### Supplied information
^^^^^^^^

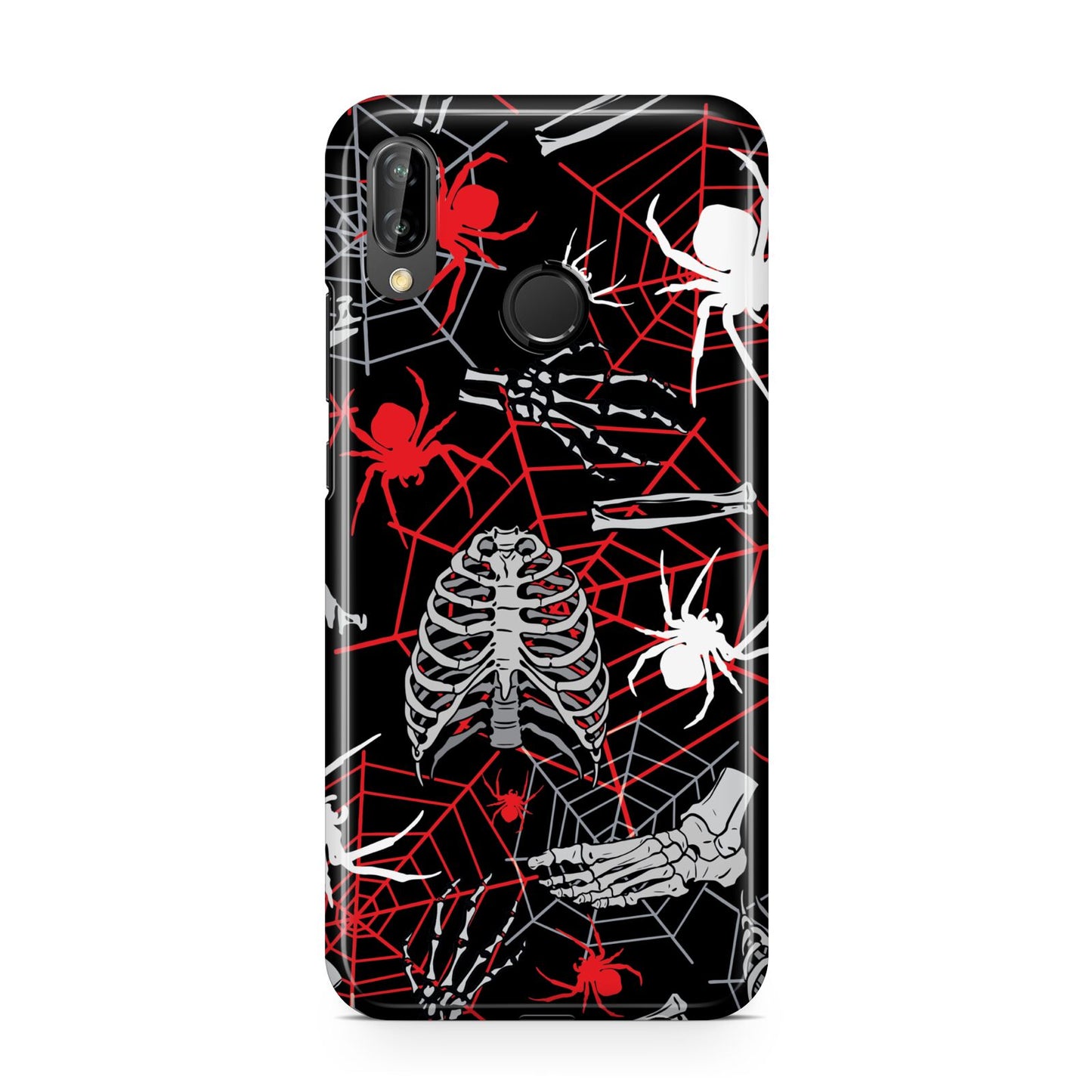 Grey and Red Cobwebs Huawei P20 Lite Phone Case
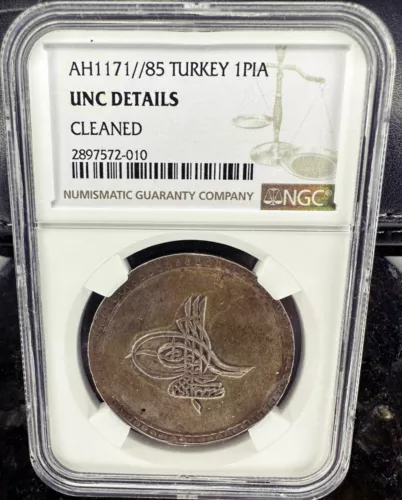 Ottoman Empire, Turkey 1PIA AH 1171/85 NGC UNC Details
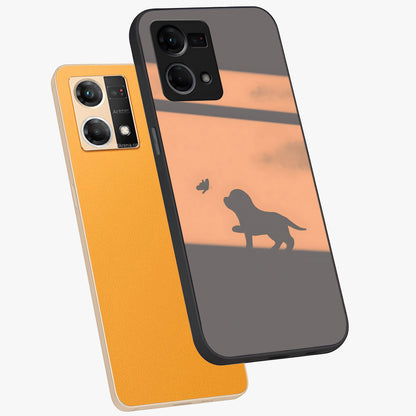 Puppy Shadow Art Glass Case displayed in angled mockup highlighting playful dog illustration with artistic shadow aesthetic.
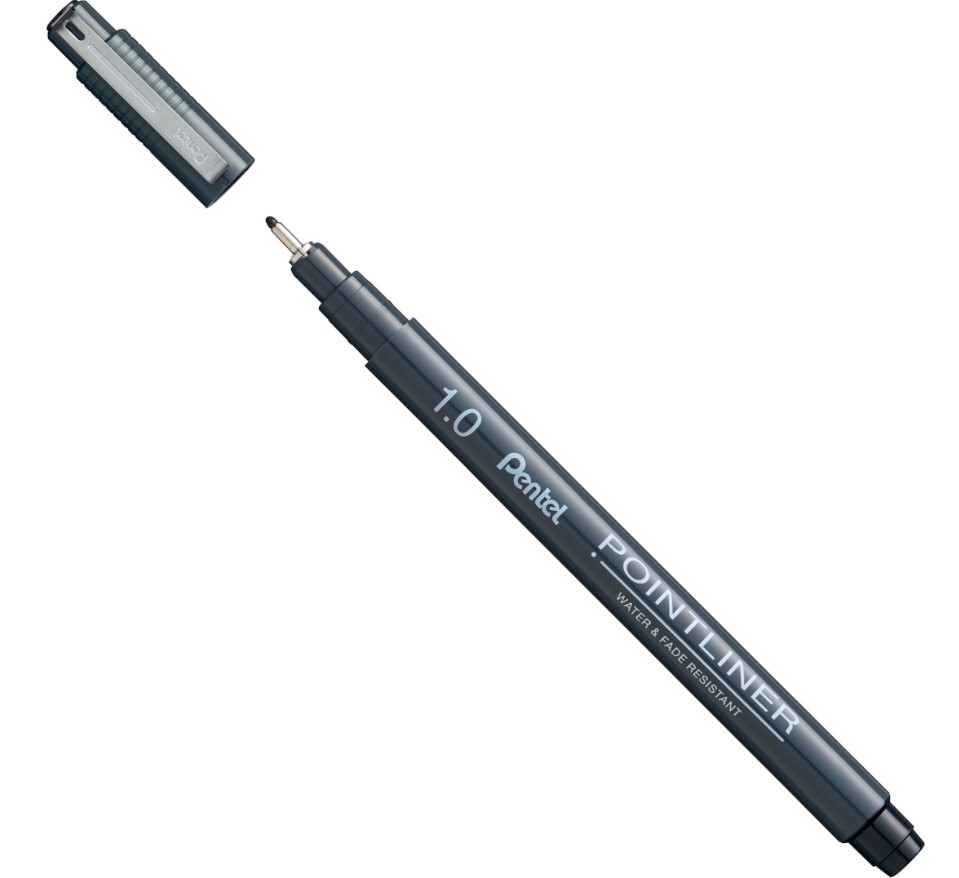 Caneta Nanquim Pentel Pointliner 1.0m Preto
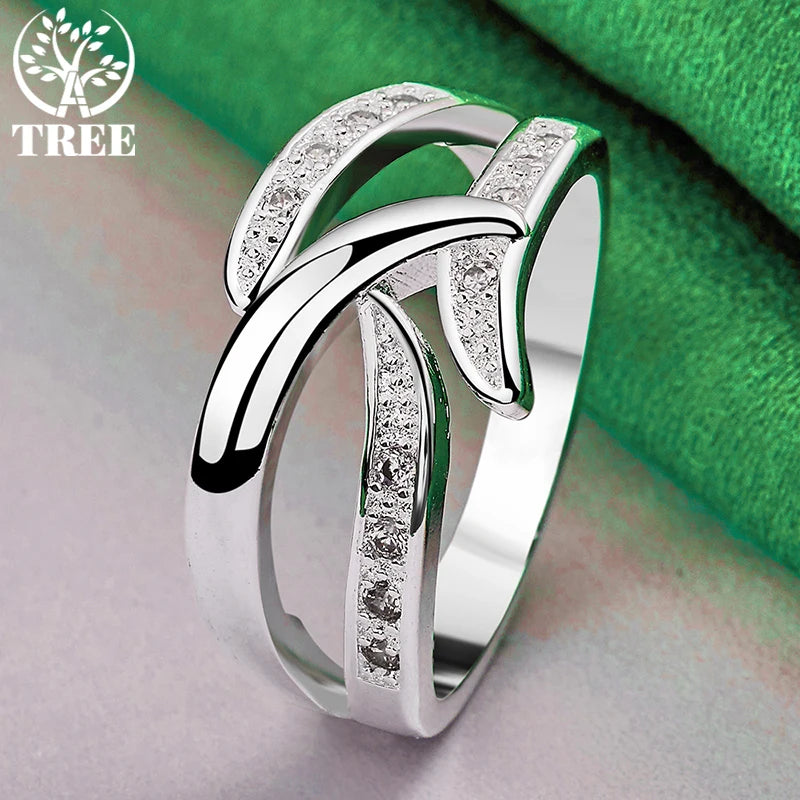 925 Sterling Silver Zircon Ring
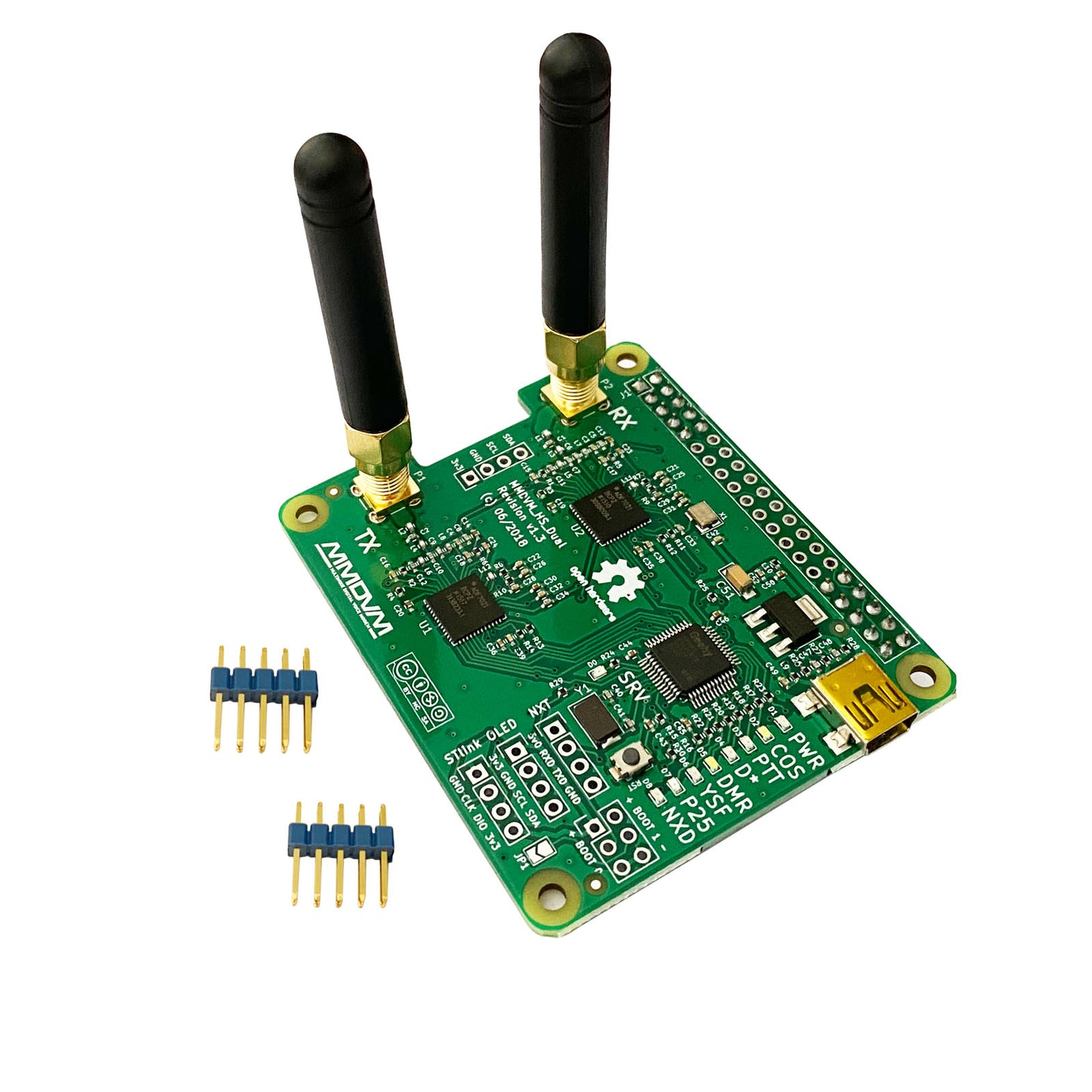 MMDVM Duplex Hotspot Module Dual Hat V1.5.2 Support P25 DMR YSF NXDN DMR Slot 1 + Slot 2 for Raspberry pi with USB Port (Without OLED)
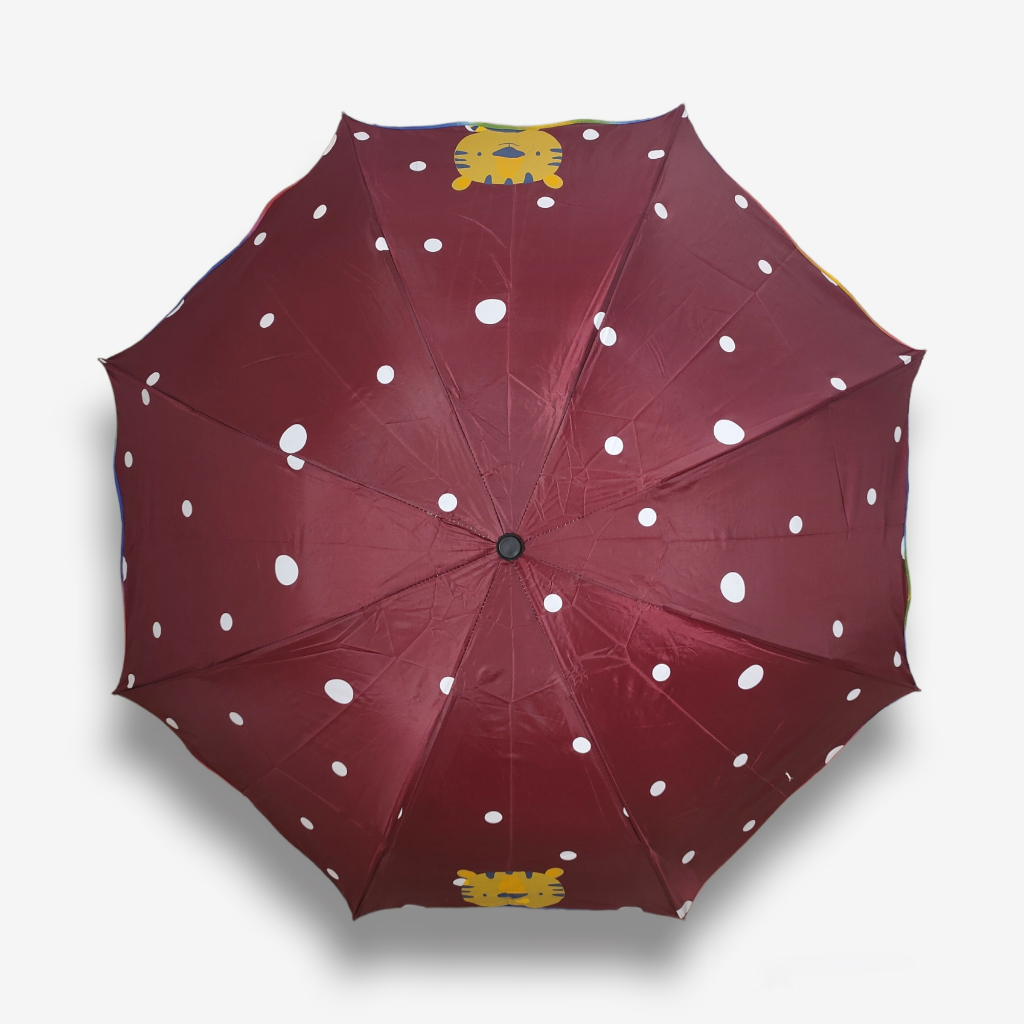 JOPEP UMBRELLA - Payung Lipat Motif Macan Lucu List Rainbow Anti Uv Rangka Besar Masterain M724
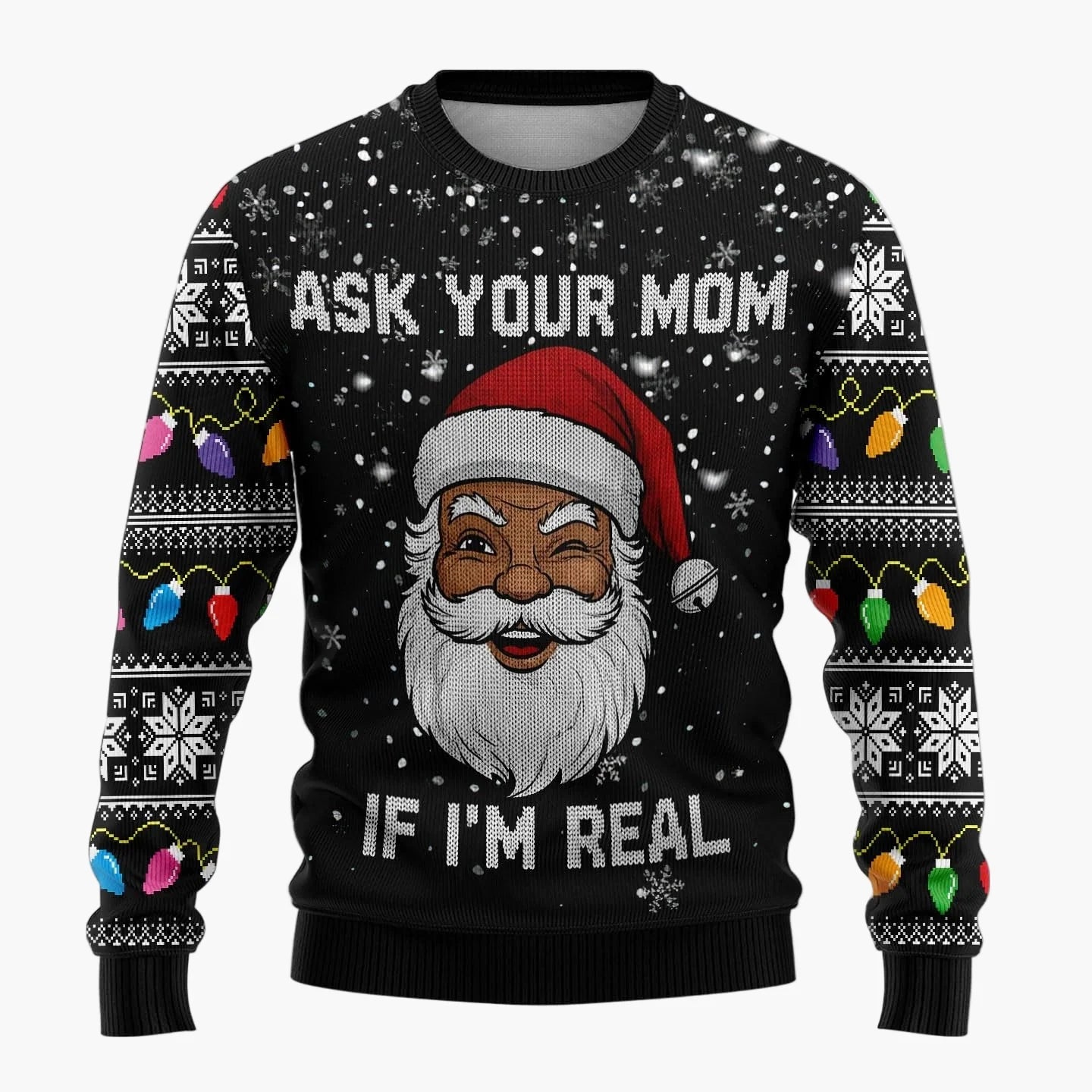 Herren Lustiger Weihnachts-Pullover Ugly Christmas Sweater mit frechem Weihnachtsmann-Motiv für Partys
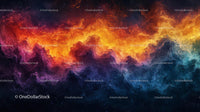 Vibrant Cosmic Nebula with Fiery Sunset Colors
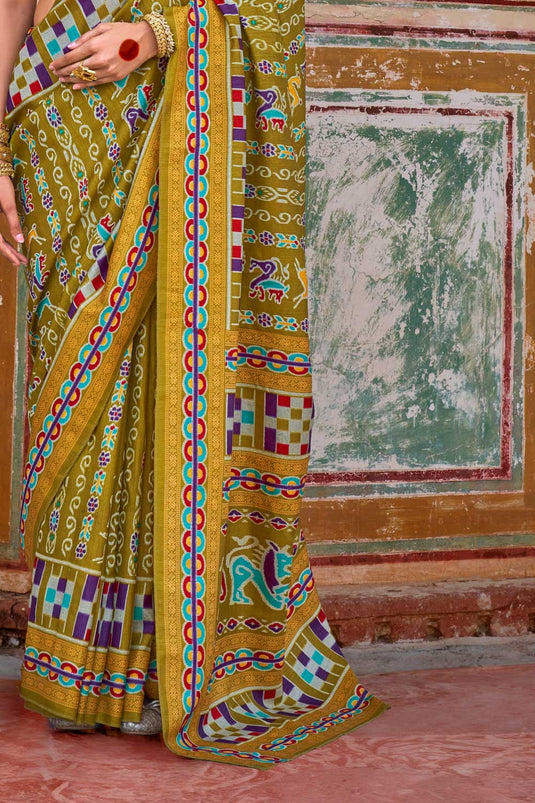 Imposing Art Silk Printed Saree In Mustard Color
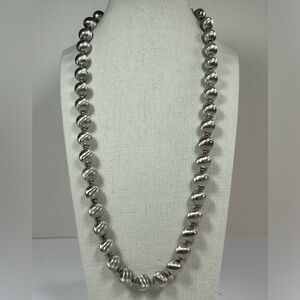 Vintage textured etched ball beads necklace strung on chain Silver tone 12mm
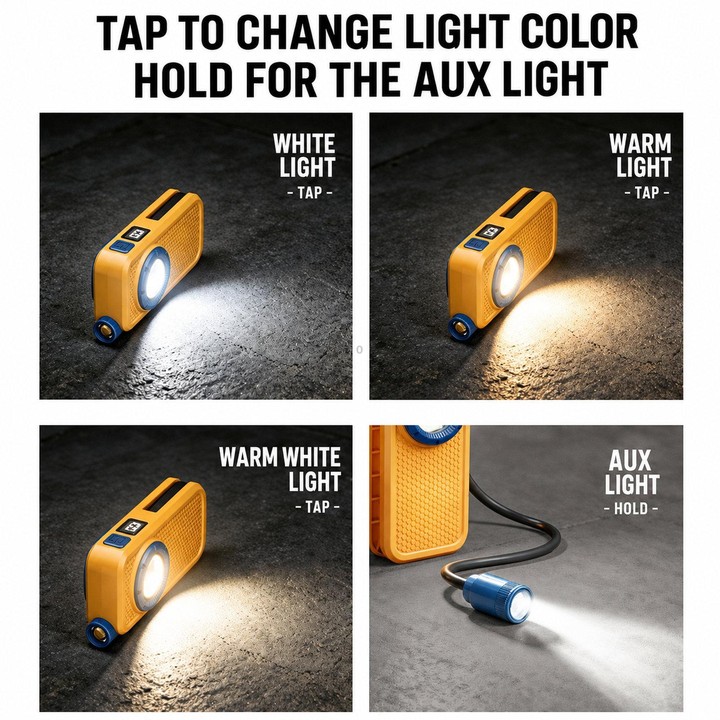Multifunctional Magnetic Flexible Hose Cob Work Light Portable Flashlight For Outdoor Emergency Lighting(Black)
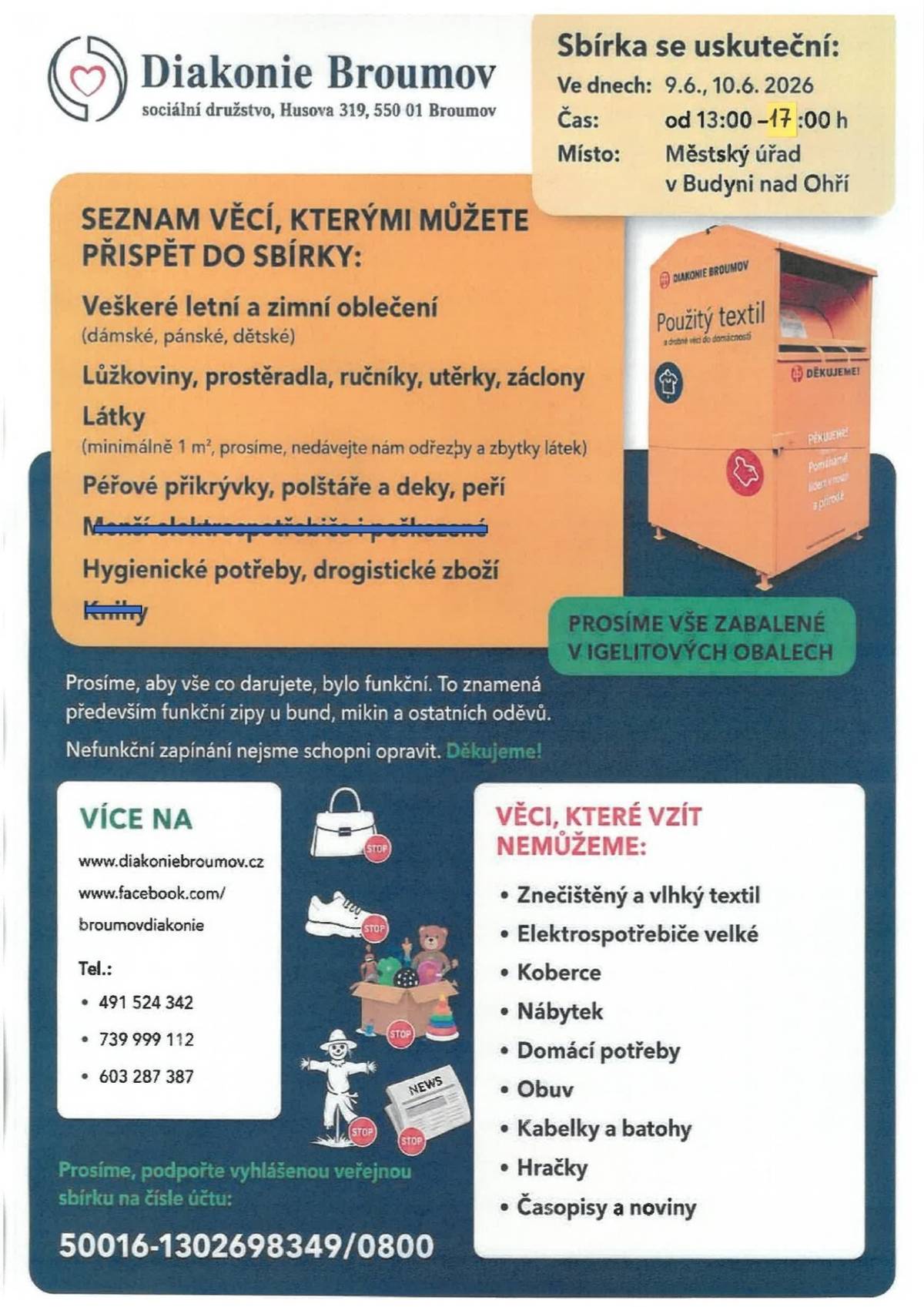 Oznámení Diakonie Broumov o sbírce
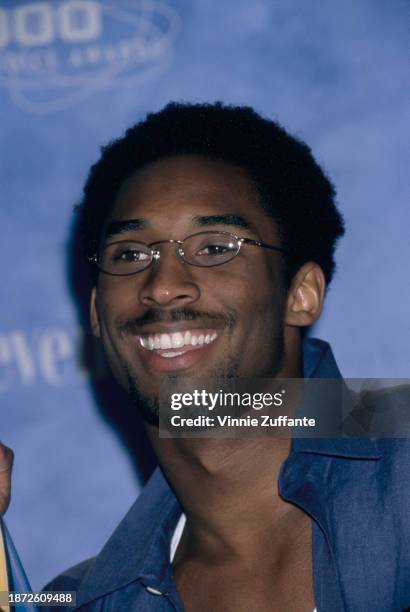 American basketball player Kobe Bryant in the press room of the inaugural Teen Choice Awards, held at the Barker Hangar, at Santa Monica Air Center...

^^^^^^^^

### What needs to be done
Would you set down only the lines above from the line with "Ottoman Empire, Turkey" to the line with "Herren Lustiger Weihnachts-Pullover", both included, exactly as they stand and without the pictures?

### Answer box
 Ottoman Empire, Turkey 1PIA AH 1171/85 NGC UNC Details
 Puppy Shadow Art Glass Case displayed in angled mockup highlighting playful dog illustration with artistic shadow aesthetic.
 Caneta Nanquim Pentel Pointliner 1.0m Preto
 925 Sterling Silver Zircon Ring
 MMDVM Duplex Hotspot Module Dual Hat V1.5.2 Support P25 DMR YSF NXDN DMR Slot 1 + Slot 2 for Raspberry pi with USB Port (Without OLED)
 JOPEP UMBRELLA - Payung Lipat Motif Macan Lucu List Rainbow Anti Uv Rangka Besar Masterain M724
 Herren Lustiger Weihnachts-Pullover Ugly Christmas Sweater mit frechem Weihnachtsmann-Motiv für Partys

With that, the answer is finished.